# Forum Learning Russian Language Pronunciation, Speech & Accent  pronunciation of o

## paasikivi

So when is o pronounced as a? 
For example: золото, около, кокаин, отходить, полтара, полгода, чувствовать.

----------


## Оля

> So when is o pronounced as a? 
> For example: золото, около, кокаин, отходить, полтора, полгода, чувствовать.

 Unstressed "o" is not actually pronounced like "a".
It's a cross between "a" and "э" and "ы".
So this sound is pronounced when "o" is not stressed _and the next syllable is not stressed too_. For example: *з́олото, ́около, кока́ин, полтор́а, ч́увствовать.* 
But if the next syllable is stressed then "o" is pronounced nearly like "a" (one can pronounce "a"). For example: *вод́а, ход́ить, нос́ок, полтор́а etc*  
"Полгода" is a composite word: "пол" (половина, half) + "год", so two "o" are pronounced like "o", but the last "o" is stressed.

----------


## paasikivi

> Unstressed "o" is not actually pronounced like "a".
> It's a cross between "a" and "э" and "ы".

 I suppose spoken language was before writing. So who got the idea to write "o" in place of this letter?

----------


## paasikivi

> Unstressed "o" is not actually pronounced like "a".
> It's a cross between "a" and "э" and "ы".
> So this sound is pronounced when "o" is not stressed _and the next syllable is not stressed too_. For example:
> [b][color=darkred]з́олото

 But for example "золото здесь", 
the first o would be o, the second is the mixture of "a" and "э" and "ы" and because  здесь is stressed, the last o must be actually "a"?

----------


## Ataklena

> I suppose spoken language was before writing. So who got the idea to write "o" in place of this letter?

 Well, every language was only spoken first  :: 
But to pronounce 'a' in unstressed syllables is a particular Moscovite accent. In some regions they pronounce 'o' everywhere.

----------


## laxxy

> "Полгода" is a composite word: "пол" (половина, half) + "год", so two "o" are pronounced like "o", but the last "o" is stressed.

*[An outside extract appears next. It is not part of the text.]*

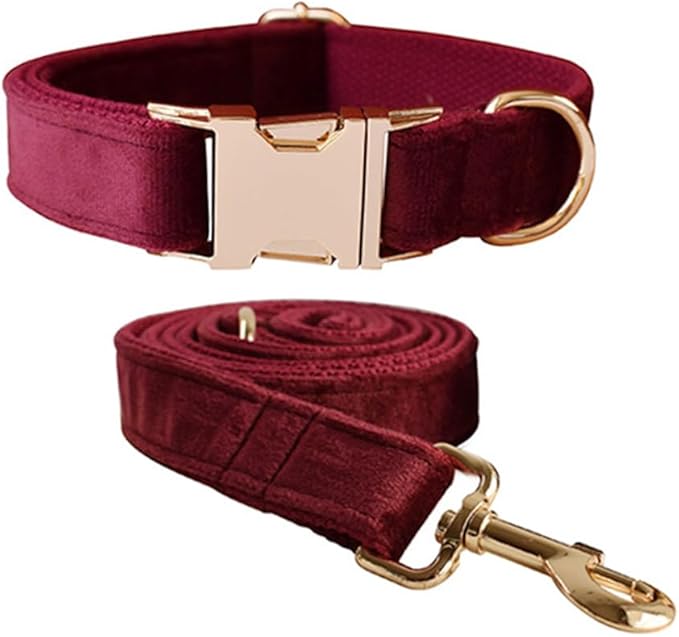 Velvet Dog Collar and Leash Set, Bright & Stylish Leash and Collar Set, Durable Pet Collars with Heavy Duty Quick Release Metal Buckle Adjustable for Samll Medium Large Dogs or Cats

 I am pronouncing the first O here just like the 2nd one in "poltora".

----------


## laxxy

> Originally Posted by Оля  Unstressed "o" is not actually pronounced like "a".
> It's a cross between "a" and "э" and "ы".
> So this sound is pronounced when "o" is not stressed _and the next syllable is not stressed too_. For example:
> [b][color=darkred]з́олото   But for example "золото здесь", 
> the first o would be o, the second is the mixture of "a" and "э" and "ы" and because  здесь is stressed, the last o must be actually "a"?

 I don't think this carries across word boundaries.

----------


## Оля

> But for example "золото здесь", 
> the first o would be o, the second is the mixture of "a" and "э" and "ы" and because  здесь is stressed, the last o must be actually "a"?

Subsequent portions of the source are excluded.